Sessions discussing the Common Core mathematics requirements are also important to the teachers who are trying to adjust their teaching to match this brand-new set of grade-level requirements in the state of Michigan.
Gladiola principal Bruce Cook enjoyed this summer’s workshop: “I know the first week was to expand our minds or blow our minds with math … ,” Cook said. “It’s great to get a jump on the core curriculum with Jan. She’s very knowledgeable.”
This is Koop’s third Improving Teacher Quality Grant since 2005. The first partnered Calvin with Alexander and Shawnee Elementary schools and with Oakdale Christian School. The second partnered the college with Godfrey-Lee and Holy Name of Jesus schools. Koop worked with 45 teachers from those schools in a second week-long workshop this summer.
Community of learners
When Koop partners with a school, she trains all of the teachers in a given school building. It’s an approach she hopes will foster a “community of learners” at each school.
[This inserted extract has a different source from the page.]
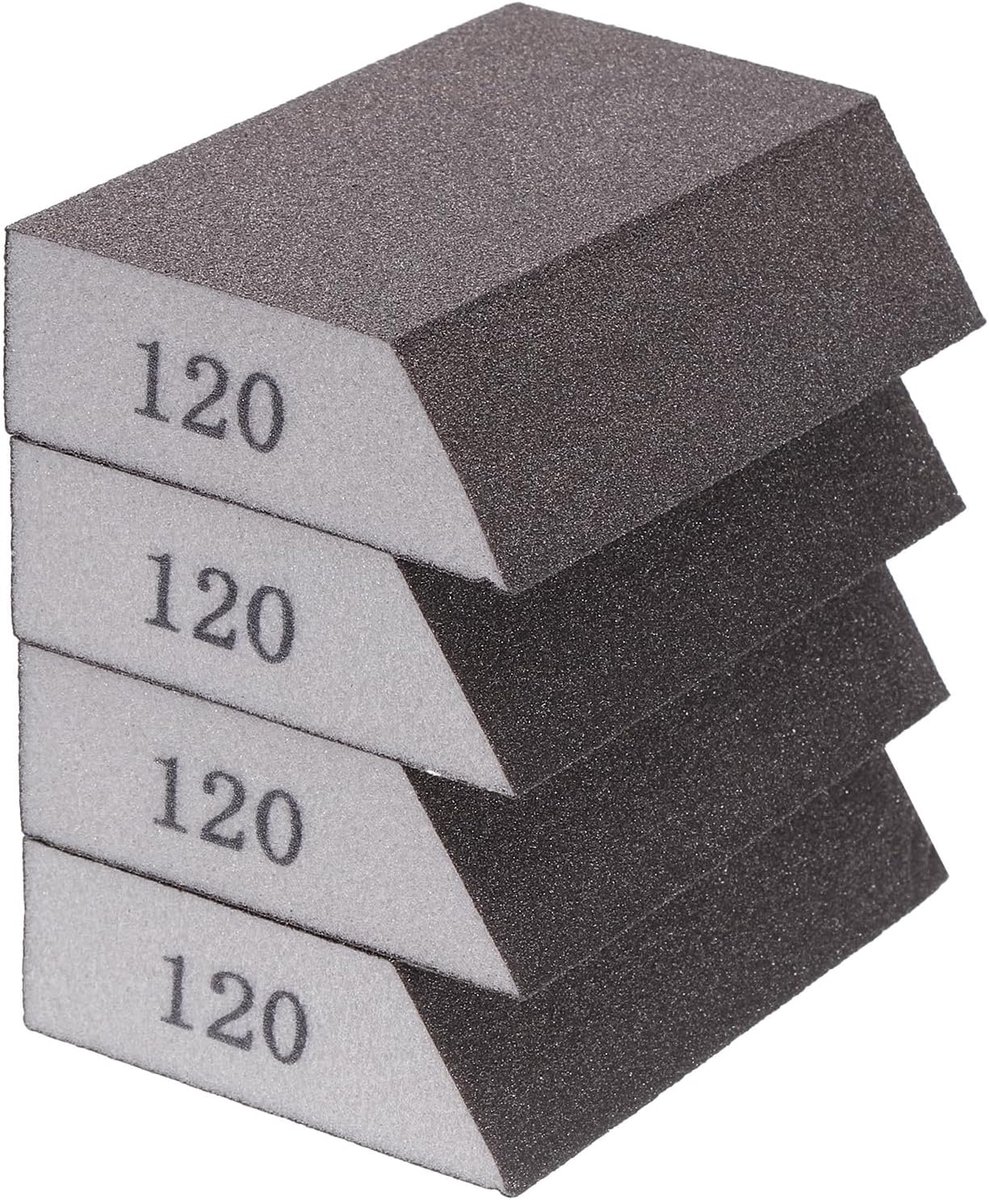 4 stuks schuurspons, korrelgrootte 400-500, vierzijdig schuurpapier voor lakreparatie en modellaaging, bruin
Genzink, who serves as Calvin’s student teacher supervisor, believes the approach is already paying off:
“It's very exciting to come into the building and see two teachers talking in the hallway about their math lesson! … As we begin to work with the new grant, I'm hopeful that this will happen in these schools as well … When students see their teachers and principal talking about mathematics on a regular basis, they too will become excited and more interested,” Genzink said.
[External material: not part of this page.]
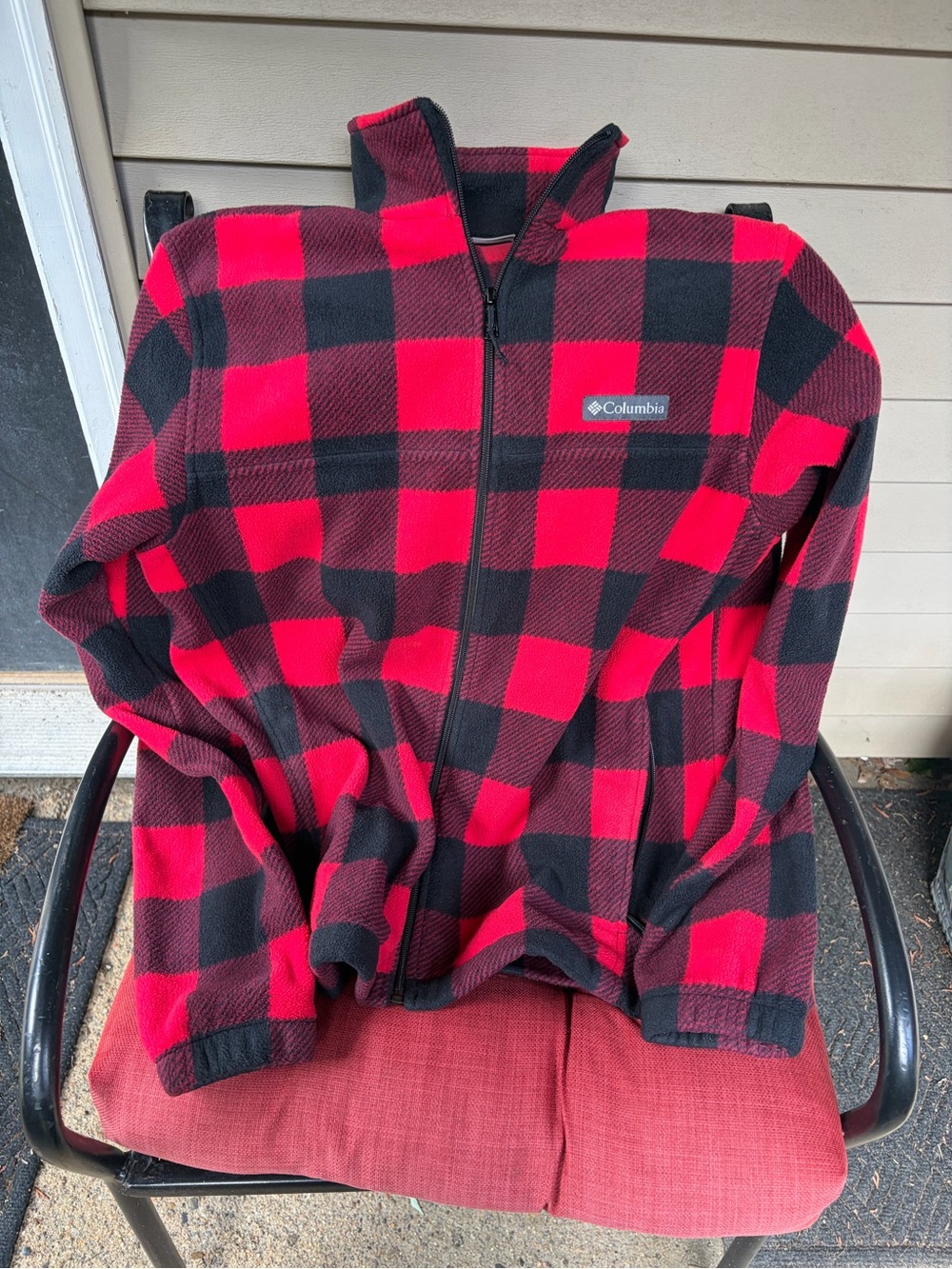 Columbia ' Red & Black Buffalo Plaid Fleece Jacket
Koop is tracking the results of the workshops, testing teachers (in the summer following their instruction) in both content knowledge and attitudes toward math.
“In this age of increased testing, mathematics is one of two subjects that are tested each year”, said Koop, “so improving mathematics instruction is very important. Developing a flexible and deep understanding of mathematics helps students in everyday tasks and improves their problem solving abilities.”